Alan Ashley isn't paying attention to the medal table at the Pan Am Games, but the American will be riveted to it at next year's Olympics in Rio de Janeiro.
Ashley, the chief of sport performance for the United States Olympic Committee, is working the Pan Am Games like a laboratory: trying out younger athletes, giving many their first taste of a large multi-sport event, and using the 41-nation championships to qualify some athletes for Rio.
"I feel an enormous amount of pressure to deliver for the athletes," Ashley said Wednesday in an interview with The Associated Press. "It's their show, they're the ones out there competing. But we've got to do everything within our power to make sure they have their very best day."
The United States is expected to top the medal table when the Pan Am Games end Sunday, probably just ahead of host Canada. The Americans have won twice as many medals as anyone else in the 64-year history of the event, so the outcome was expected before the games opened in Canada's largest city.
Now eyes turn to Brazil, and expectations soar.
It's still early, so Ashley declined to make predictions. However, several widely circulated forecasts show the United States as a slight favorite to finish ahead of China with Russia in third.
Ashley said prospects for Rio will be clearer after the world swimming championships opening this week in Russia, and the track and field world championships in August in Beijing.
"After the world championships, everybody will have a better idea of how their countries are stacked up against each other," Ashley said.
The United States won the most gold medals in London with 46, and also led the overall count.
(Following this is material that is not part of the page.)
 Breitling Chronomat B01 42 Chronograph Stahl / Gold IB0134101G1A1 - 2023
China had 38 gold and was second overall. Host nation Brazil won only 17 overall medals — only three gold — and is hoping to use the home-nation advantage and win about 30.
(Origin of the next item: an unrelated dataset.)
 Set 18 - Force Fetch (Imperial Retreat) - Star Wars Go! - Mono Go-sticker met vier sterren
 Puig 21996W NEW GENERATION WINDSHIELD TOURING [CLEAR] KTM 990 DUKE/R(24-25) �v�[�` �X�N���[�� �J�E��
"I think China will be really solid, and I wouldn't discount Russia," Ashley said. "The best I can tell you is that it's probably similar to London and the horse race that went on there."
The United States needs to maintain its dominance in swimming and track and field, and improve in events like sailing and equestrian, which failed to produce medals in London.
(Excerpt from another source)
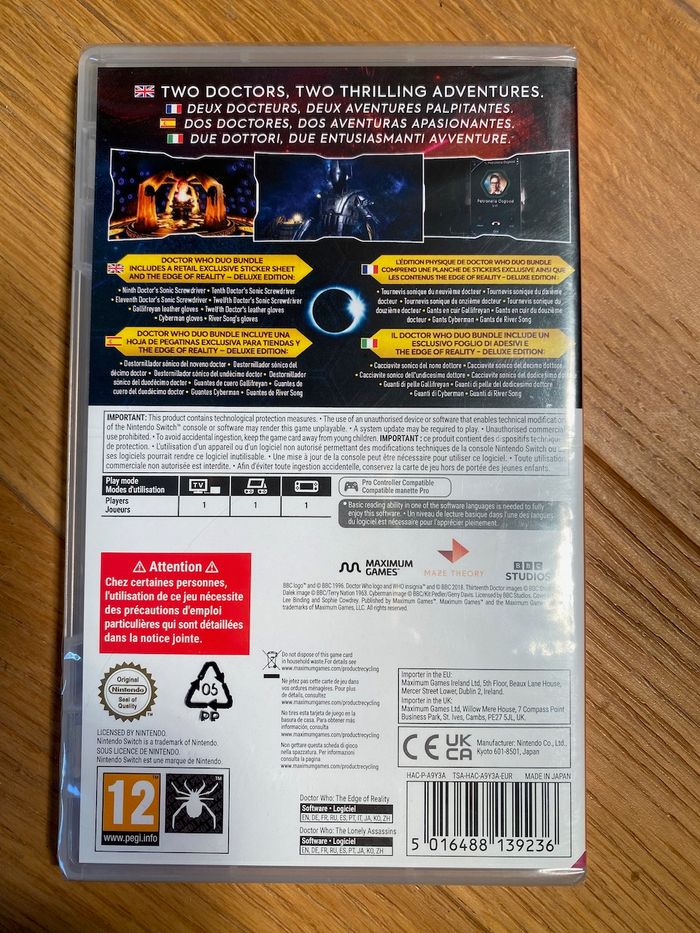 Doctor who: duo bundle - switch - jeu neuf - photo numéro 5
The Americans will be strong in golf, which is returning to the Olympics since its last appearance in 1904 in St. Louis. The men's field could include the likes of defending Masters and U.S. Open champion Jordan Spieth, Bubba Watson, Dustin Johnson and Rickie Fowler.
The Americans are also hopeful in rugby sevens, another new sport with a wide-open field for both men and women.
Ashley's first summer Olympics in this position was London. He said being on the job during the entire four-year Olympic cycle has brought continuity.
"I feel a little bit different than I did in London only because I've tried to make sure we are working harder to support the athletes," Ashley said. "I think our connection with many of the sports is a little higher than it was going into London. That's a good thing from the standpoint of shaping up as one team when we hit ground in Rio."
Ashley, who expects to have a team of about 570 in Rio, said he follows athletes' numbers and listens to coaches as he weighs where to invest time and money.
"You can't go with one or the other. The trends in the data don't always tell you what's going on," he said. "But simply going by a coach's intuition isn't enough either."